» Data excerpt:
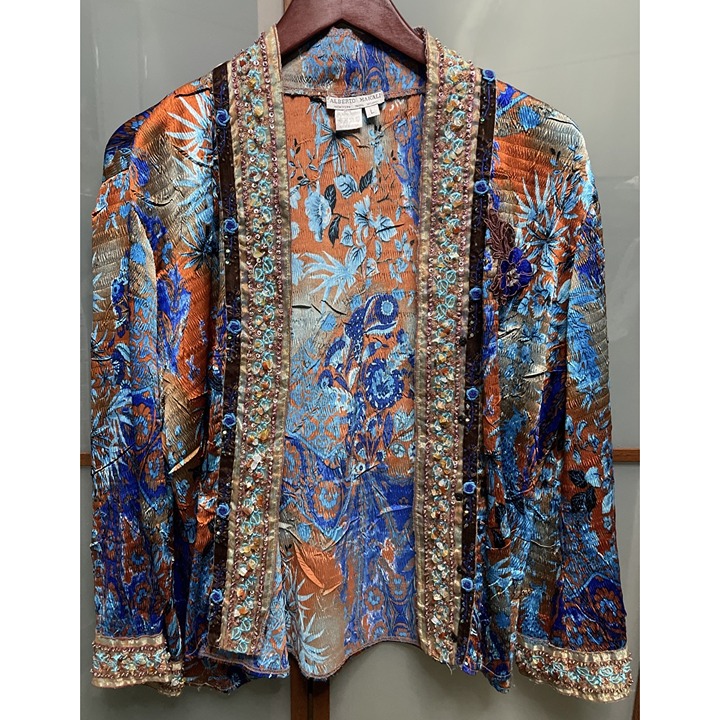 Alberto Makali Vintage Embellished Beaded Sequin Blazer Cardigan Jacket Size L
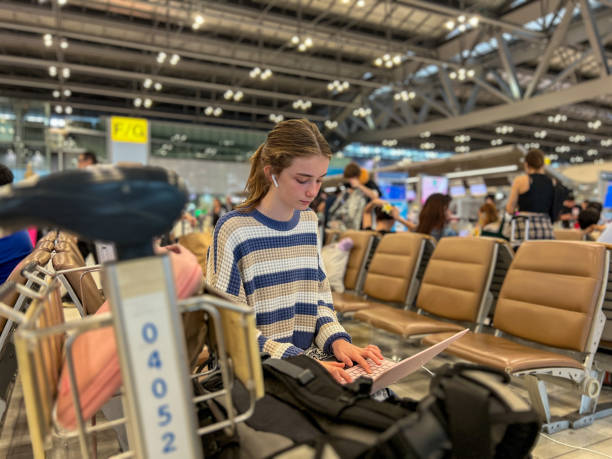 istock Student Studying at the Airport 2168803391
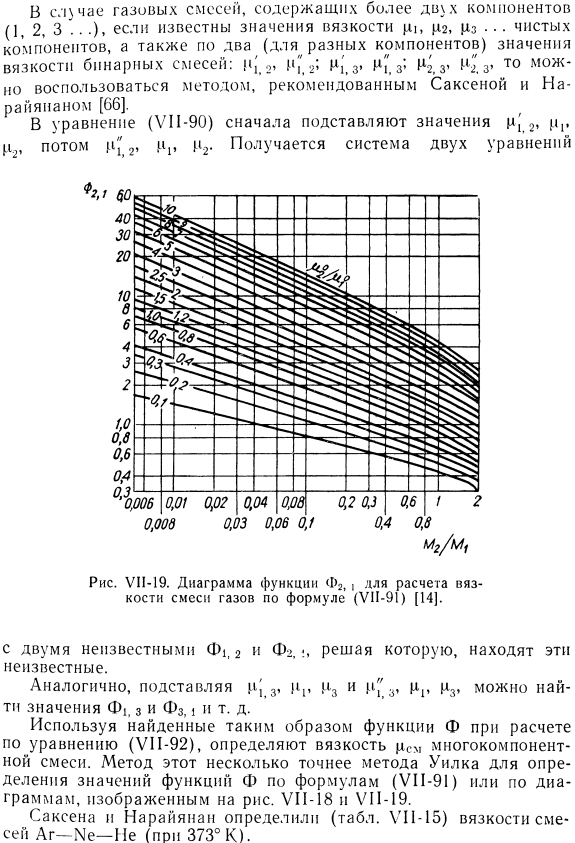 Полуэмпирические уравнения для расчета вязкости газовой смеси в области умеренных давлений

» Assignment: Word for word, retype all of the data above, but include no pictures.

» Answer to this task:
 Alberto Makali Vintage Embellished Beaded Sequin Blazer Cardigan Jacket Size L
 istock Student Studying at the Airport 2168803391
 Полуэмпирические уравнения для расчета вязкости газовой смеси в области умеренных давлений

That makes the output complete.